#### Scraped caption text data
╭──

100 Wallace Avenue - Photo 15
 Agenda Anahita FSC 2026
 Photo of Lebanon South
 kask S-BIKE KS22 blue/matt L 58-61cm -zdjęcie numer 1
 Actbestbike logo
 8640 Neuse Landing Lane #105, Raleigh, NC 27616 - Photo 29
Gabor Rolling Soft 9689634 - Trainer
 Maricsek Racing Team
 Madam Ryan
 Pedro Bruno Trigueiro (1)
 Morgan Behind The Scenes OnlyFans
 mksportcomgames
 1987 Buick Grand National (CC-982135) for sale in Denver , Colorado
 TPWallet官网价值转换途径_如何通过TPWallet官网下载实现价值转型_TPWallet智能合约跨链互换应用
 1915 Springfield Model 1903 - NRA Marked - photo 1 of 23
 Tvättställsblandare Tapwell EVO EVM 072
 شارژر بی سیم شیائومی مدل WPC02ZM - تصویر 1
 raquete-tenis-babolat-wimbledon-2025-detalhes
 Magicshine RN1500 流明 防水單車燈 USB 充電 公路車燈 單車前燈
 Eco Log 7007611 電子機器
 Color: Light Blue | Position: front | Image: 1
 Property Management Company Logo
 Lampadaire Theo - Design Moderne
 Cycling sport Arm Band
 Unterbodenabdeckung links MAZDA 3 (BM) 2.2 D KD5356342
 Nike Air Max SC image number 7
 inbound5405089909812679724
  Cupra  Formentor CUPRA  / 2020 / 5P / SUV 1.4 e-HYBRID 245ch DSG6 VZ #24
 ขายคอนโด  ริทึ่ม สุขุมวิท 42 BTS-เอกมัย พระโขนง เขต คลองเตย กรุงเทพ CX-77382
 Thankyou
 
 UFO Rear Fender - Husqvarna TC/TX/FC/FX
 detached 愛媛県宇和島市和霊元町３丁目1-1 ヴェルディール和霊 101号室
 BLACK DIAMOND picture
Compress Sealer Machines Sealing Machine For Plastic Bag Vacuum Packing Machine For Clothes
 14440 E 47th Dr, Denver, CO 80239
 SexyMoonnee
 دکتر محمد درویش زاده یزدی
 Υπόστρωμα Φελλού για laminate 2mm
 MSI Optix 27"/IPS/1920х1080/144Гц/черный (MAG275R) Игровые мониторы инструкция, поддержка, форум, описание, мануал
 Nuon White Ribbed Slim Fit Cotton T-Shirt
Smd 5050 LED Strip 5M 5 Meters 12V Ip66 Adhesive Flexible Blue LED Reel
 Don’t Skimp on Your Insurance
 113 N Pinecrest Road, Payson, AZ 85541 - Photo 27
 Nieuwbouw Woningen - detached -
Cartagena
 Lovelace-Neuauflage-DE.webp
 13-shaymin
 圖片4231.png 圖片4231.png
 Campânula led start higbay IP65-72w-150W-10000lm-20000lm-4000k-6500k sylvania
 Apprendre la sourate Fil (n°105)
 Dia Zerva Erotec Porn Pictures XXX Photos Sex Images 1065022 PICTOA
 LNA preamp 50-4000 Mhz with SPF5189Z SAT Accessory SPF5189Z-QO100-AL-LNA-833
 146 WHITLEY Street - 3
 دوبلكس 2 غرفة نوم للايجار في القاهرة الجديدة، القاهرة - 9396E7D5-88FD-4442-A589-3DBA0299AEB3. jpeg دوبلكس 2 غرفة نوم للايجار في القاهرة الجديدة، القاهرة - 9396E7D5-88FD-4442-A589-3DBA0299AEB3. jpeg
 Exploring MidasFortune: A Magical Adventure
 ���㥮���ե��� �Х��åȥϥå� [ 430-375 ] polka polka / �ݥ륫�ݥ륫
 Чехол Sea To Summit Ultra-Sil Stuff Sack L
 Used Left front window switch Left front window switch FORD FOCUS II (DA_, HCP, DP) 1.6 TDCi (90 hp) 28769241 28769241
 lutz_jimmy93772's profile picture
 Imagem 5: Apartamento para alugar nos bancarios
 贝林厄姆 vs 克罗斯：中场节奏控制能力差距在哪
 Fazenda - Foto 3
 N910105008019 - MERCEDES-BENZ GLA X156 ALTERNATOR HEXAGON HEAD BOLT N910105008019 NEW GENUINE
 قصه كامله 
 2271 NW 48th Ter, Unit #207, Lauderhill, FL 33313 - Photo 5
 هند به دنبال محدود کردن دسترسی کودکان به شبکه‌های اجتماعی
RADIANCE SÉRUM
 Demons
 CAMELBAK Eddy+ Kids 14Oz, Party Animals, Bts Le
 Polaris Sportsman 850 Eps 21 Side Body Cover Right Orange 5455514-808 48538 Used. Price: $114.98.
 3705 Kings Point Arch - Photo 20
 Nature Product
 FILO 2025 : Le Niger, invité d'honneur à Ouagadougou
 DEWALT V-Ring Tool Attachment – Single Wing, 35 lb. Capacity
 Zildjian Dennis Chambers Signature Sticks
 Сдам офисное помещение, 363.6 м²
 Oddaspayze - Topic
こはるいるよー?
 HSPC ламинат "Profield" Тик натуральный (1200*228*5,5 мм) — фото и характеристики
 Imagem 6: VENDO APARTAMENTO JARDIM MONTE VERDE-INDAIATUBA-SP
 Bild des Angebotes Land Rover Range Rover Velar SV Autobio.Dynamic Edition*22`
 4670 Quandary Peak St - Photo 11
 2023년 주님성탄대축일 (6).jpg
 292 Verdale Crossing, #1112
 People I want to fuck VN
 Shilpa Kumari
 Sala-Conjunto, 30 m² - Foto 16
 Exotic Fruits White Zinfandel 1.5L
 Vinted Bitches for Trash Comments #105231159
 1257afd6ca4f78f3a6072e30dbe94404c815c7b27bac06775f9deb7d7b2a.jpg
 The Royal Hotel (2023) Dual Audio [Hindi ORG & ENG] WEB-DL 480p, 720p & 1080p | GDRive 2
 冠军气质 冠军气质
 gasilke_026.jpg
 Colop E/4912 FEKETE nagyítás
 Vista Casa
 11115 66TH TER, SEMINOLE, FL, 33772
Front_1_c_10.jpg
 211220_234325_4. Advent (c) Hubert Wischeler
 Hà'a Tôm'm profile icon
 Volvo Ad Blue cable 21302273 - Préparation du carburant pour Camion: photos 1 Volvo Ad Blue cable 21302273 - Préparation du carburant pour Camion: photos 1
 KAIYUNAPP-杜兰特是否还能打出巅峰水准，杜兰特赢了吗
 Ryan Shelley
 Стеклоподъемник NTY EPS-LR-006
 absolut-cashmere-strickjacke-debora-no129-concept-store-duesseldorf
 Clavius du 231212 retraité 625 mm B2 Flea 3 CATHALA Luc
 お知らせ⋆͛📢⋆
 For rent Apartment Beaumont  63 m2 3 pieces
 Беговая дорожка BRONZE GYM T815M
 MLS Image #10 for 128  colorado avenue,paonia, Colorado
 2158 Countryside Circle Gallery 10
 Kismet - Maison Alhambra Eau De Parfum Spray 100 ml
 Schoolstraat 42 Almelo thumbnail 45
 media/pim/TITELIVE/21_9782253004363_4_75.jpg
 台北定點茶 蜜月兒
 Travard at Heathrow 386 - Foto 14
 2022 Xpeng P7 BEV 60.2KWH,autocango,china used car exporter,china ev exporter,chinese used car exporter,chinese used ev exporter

╰──

#### Exercise requirements
Copy each line of the data that includes the word "Denver".

#### Finished task
 1987 Buick Grand National (CC-982135) for sale in Denver , Colorado
 14440 E 47th Dr, Denver, CO 80239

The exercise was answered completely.